Return-Path: tim.one@comcast.net
Delivery-Date: Sun Sep  8 21:01:00 2002
From: tim.one@comcast.net (Tim Peters)
Date: Sun, 08 Sep 2002 16:01:00 -0400
Subject: [Spambayes] test sets?
In-Reply-To: <LNBBLJKPBEHFEDALKOLCEEOGBCAB.tim.one@comcast.net>
Message-ID: <LNBBLJKPBEHFEDALKOLCCEPLBCAB.tim.one@comcast.net>

[Tim]
> One effect of getting rid of MINCOUNT is that it latches on more
> strongly to rare clues now, and those can be unique to the corpus
> trained on (e.g., one trained ham says "gryndlplyx!", and a followup
> new ham quotes it).

This may be a systematic bias in the testing procedure:  in real life, msgs
come ordered in time.  Say there's a thread that spans N messages on c.l.py.

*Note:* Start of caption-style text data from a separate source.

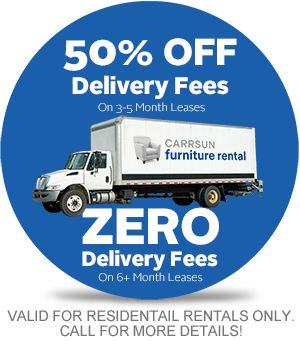 Carrsun Furniture Shipping Promotion Delivery Fee Promotion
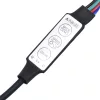 Fehér akril LED-es fürdőszobai tükör 90 x 8,5 x 37 cm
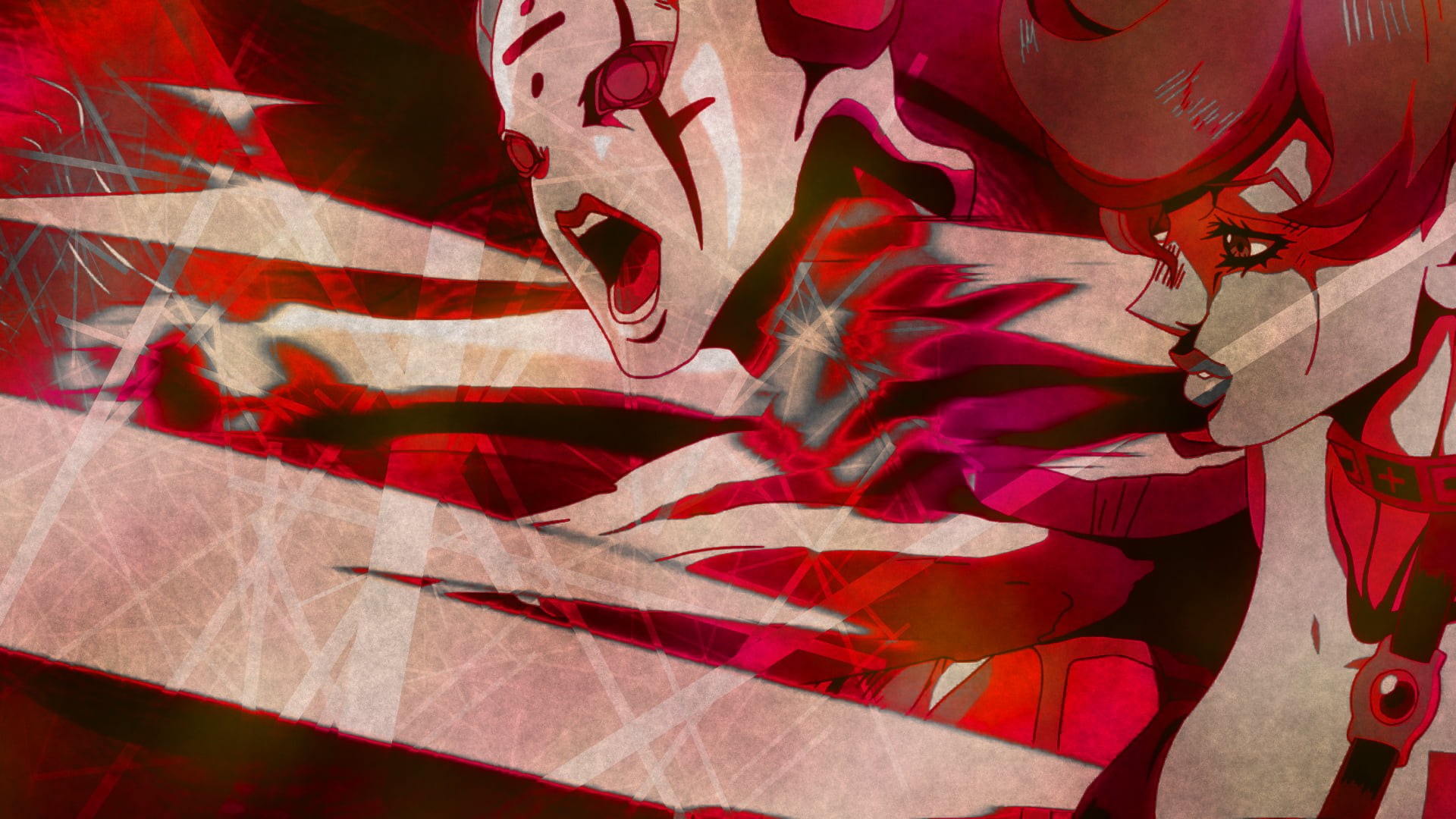 1080P, Anime, Jojos Bizarre Adventure, Trish Una, HD Wallpaper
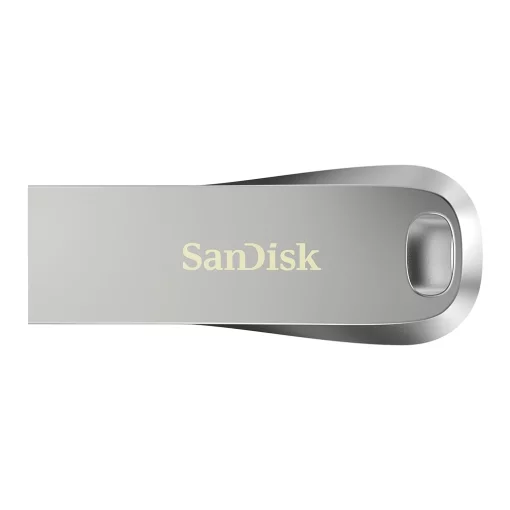 Накопичувач SanDisk   64GB USB 3.1 Type-A Ultra Luxe Срібний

In our testing setup, we'll train on a random sampling throughout its whole
lifetime, and test likewise.  New ham "in the middle" of this thread gets
benefit from that we trained on msgs that appeared both before and *after*
it in real life.  It's quite plausible that the f-p rate would rise without
this effect; in real life, at any given time some number of ham threads will
just be starting their lives, and if they're at all unusual the trained data
will know little to nothing about them.